Selain korban meninggal, anggota TNI berinisial K mengalami dua luka tusuk di bagian punggung. Saat ini, korban masih dirawat secara intensif di RS Mitra Manakarra dalam kondisi sadar.
Sementara itu, korban lainnya, D, mengalami luka dan nyeri pada bahu kiri. Korban telah mendapatkan perawatan medis.
Berdasarkan hasil penyelidikan sementara, peristiwa bermula ketika D mengaku menjadi korban pemukulan di salah satu tempat hiburan malam. Keluarga D kemudian mendatangi lokasi untuk mencari informasi terkait insiden tersebut.
Saat tiba di lokasi, mereka mendapati sekelompok orang sedang terlibat perkelahian. Tidak lama kemudian, seorang pria ditemukan tergeletak bersimbah darah di area parkir dan langsung dievakuasi ke rumah sakit.

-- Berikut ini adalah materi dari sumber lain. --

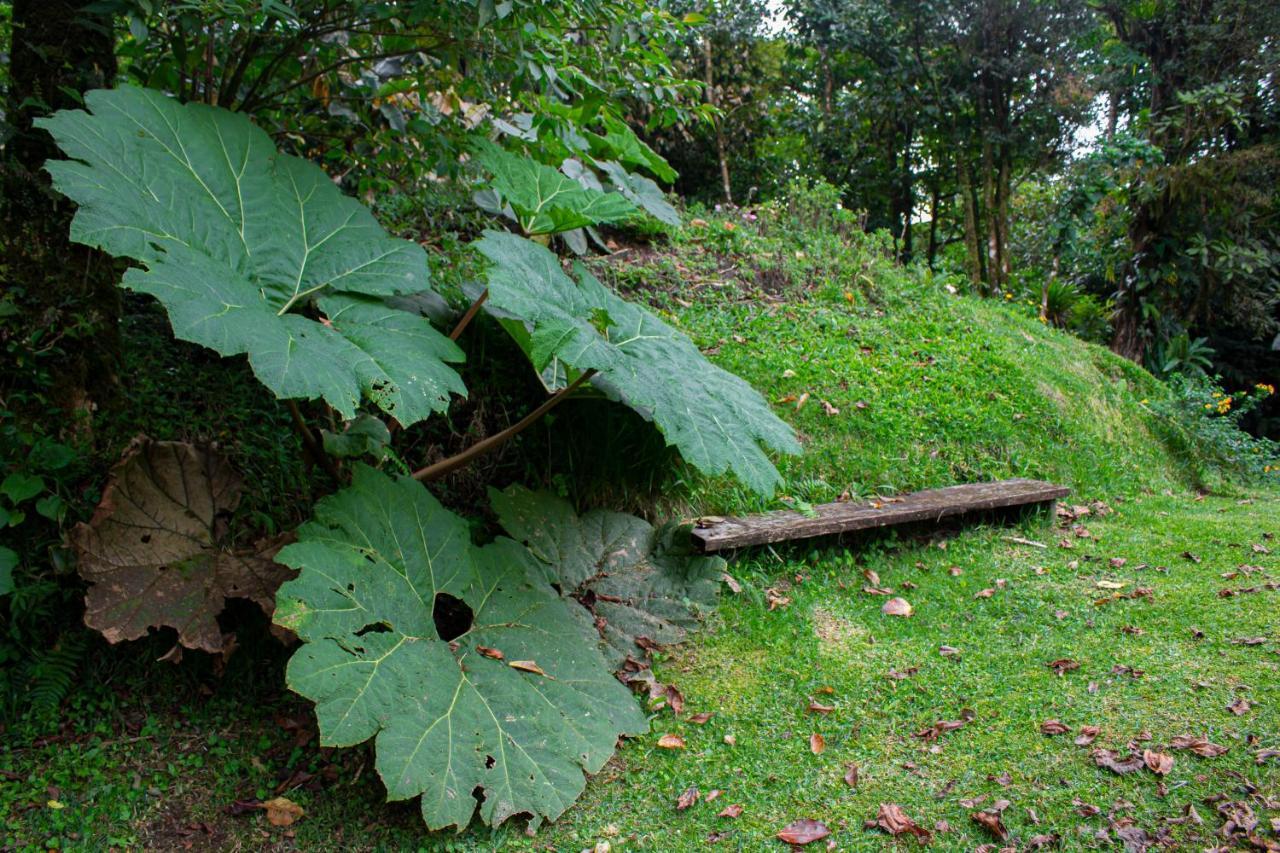 Burbi Lake Lodge Monteverde Exteriér fotografie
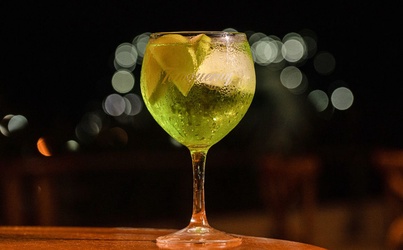 GIN MAÇÃ VERDE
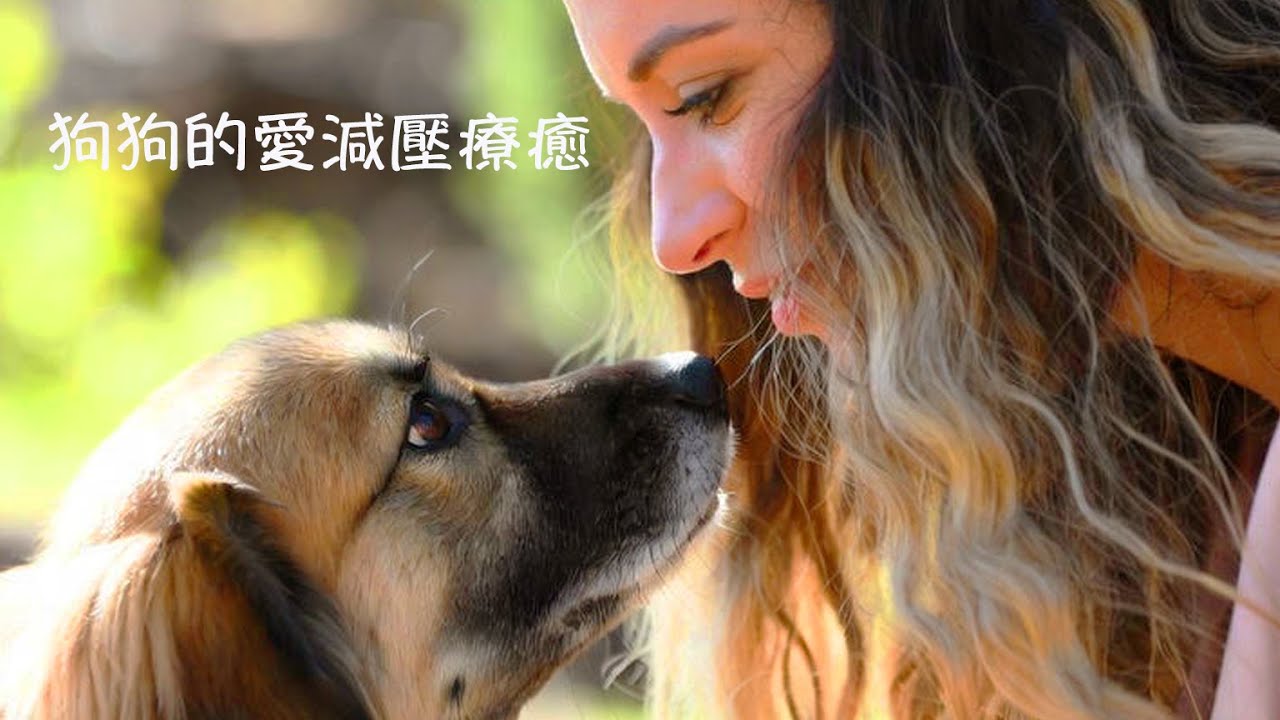 周兆祥:狗狗的愛減壓療癒 - YouTube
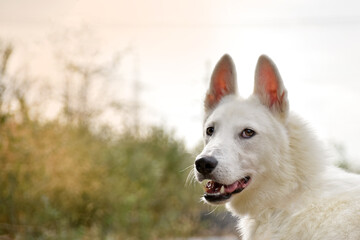 portrait of a happy smiling white color dog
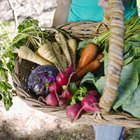Cheap & Easy Country Meals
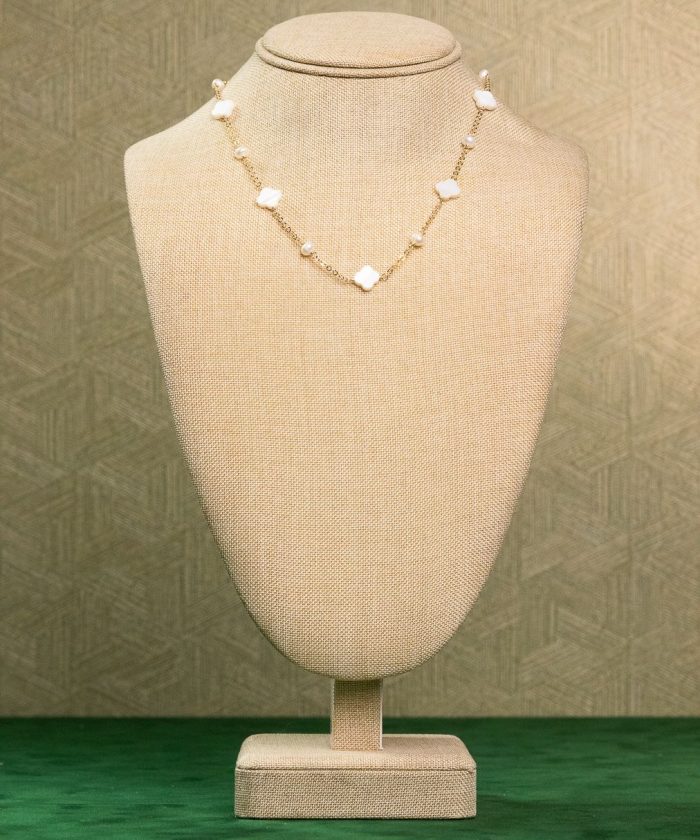 CADENA ALBA NACAR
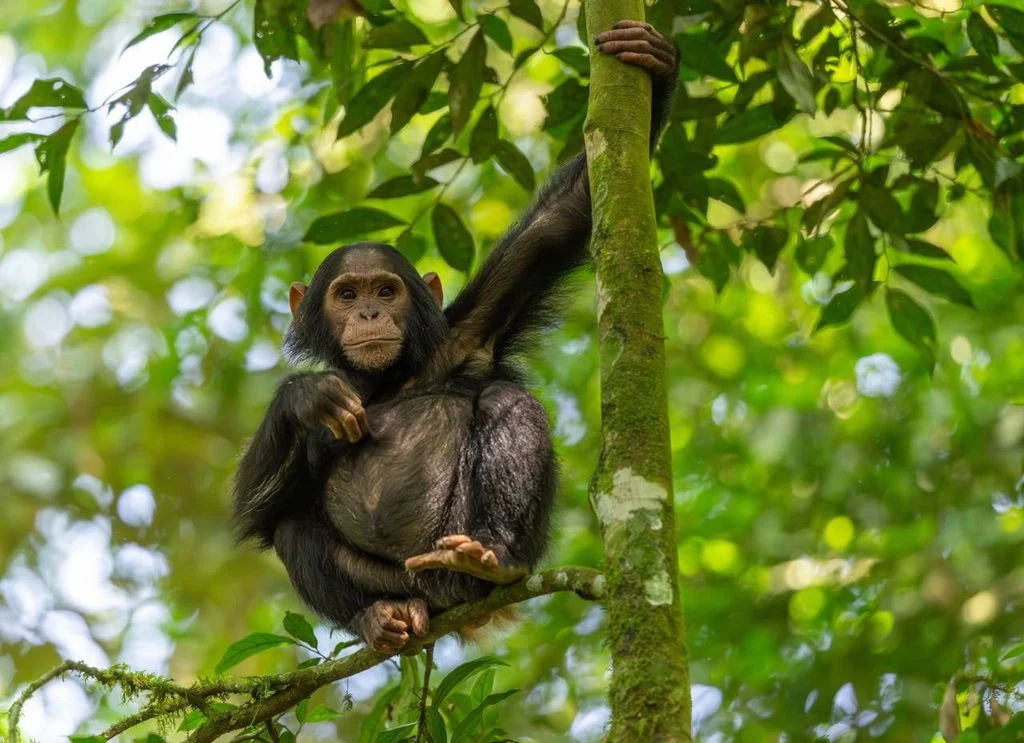 os-chimpanzes-podem-ser-pensadores-racionais-sugere-novo-estudo-na-science-1762008304380_1024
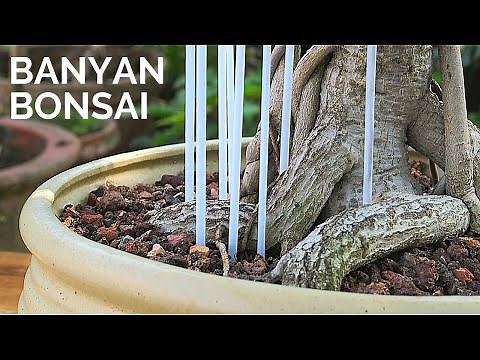 Banyan Bonsai repotting || Ficus Benghalensis pruning, repotting & aerial root training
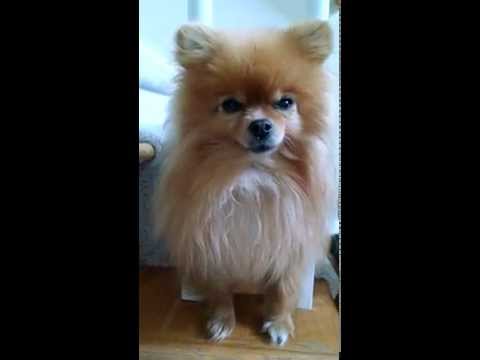 VID 20150906 151641982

Hasil Visum et Repertum yang dilakukan Tim Forensik Bidang Kedokteran dan Kesehatan (Biddokkes) Polda Sulawesi Barat menyimpulkan korban T mengalami luka tusuk pada bagian perut yang diduga menjadi penyebab perdarahan masif hingga merenggut nyawanya.

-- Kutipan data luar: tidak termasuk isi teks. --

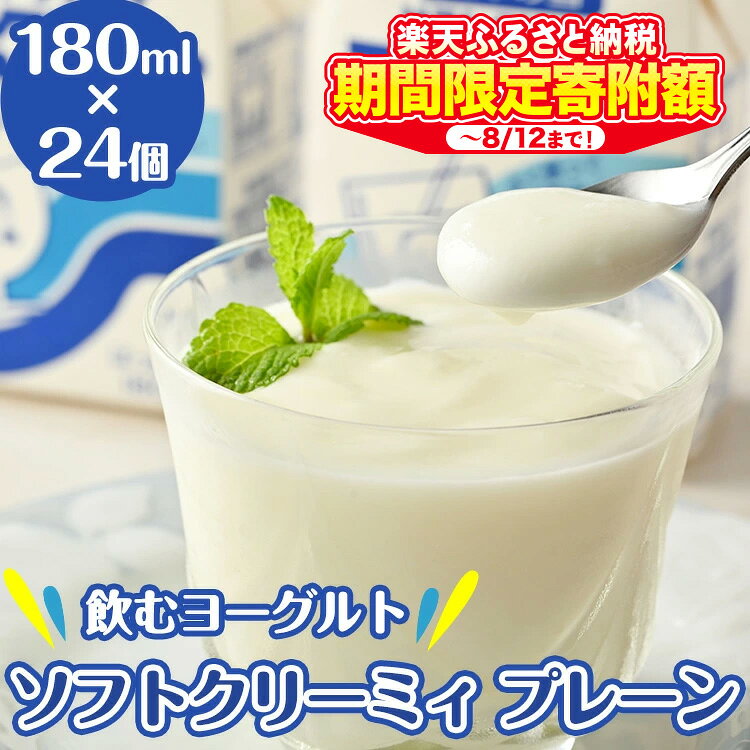 【ふるさと納税】＼楽天限定寄附額~8/12まで!／11-E 会津の雪 ソフトクリーミィ ヨーグルト（24個セット）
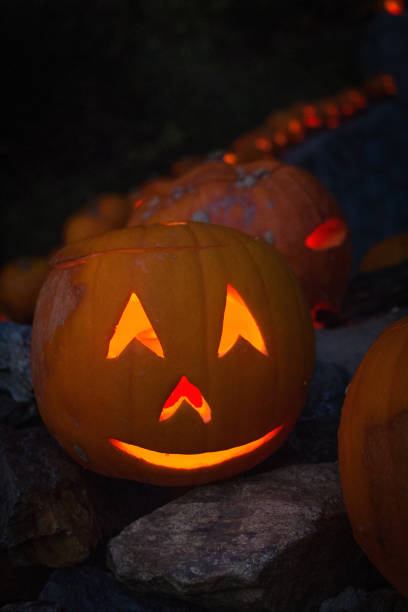 istock Illuminated Jack-O-Lantern family visiting the Black Forest 1182730930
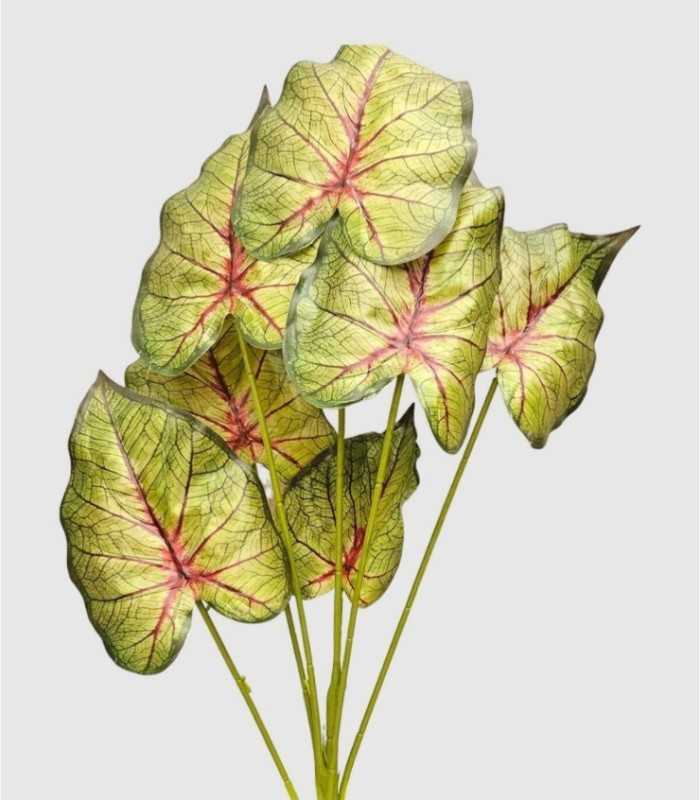 Decoratieve plantenbladeren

Dalam penanganan perkara ini, Polresta Mamuju telah mengamankan barang bukti berupa sebilah badik.
Polisi juga mengamankan seorang pria berinisial M.A.F. (20), warga Kelurahan Karema, yang diduga terlibat dalam peristiwa tersebut.
Saat ini, M.A.F. masih menjalani pemeriksaan intensif dan proses penyidikan lebih lanjut.
Polresta Mamuju juga terus melakukan pendalaman dengan memeriksa sejumlah saksi serta melengkapi alat bukti untuk mengungkap secara utuh kronologi maupun motif di balik peristiwa berdarah tersebut.
Hingga kini, penyidik masih terus mengembangkan kasus dan belum menyimpulkan motif pasti yang melatarbelakangi penganiayaan tersebut.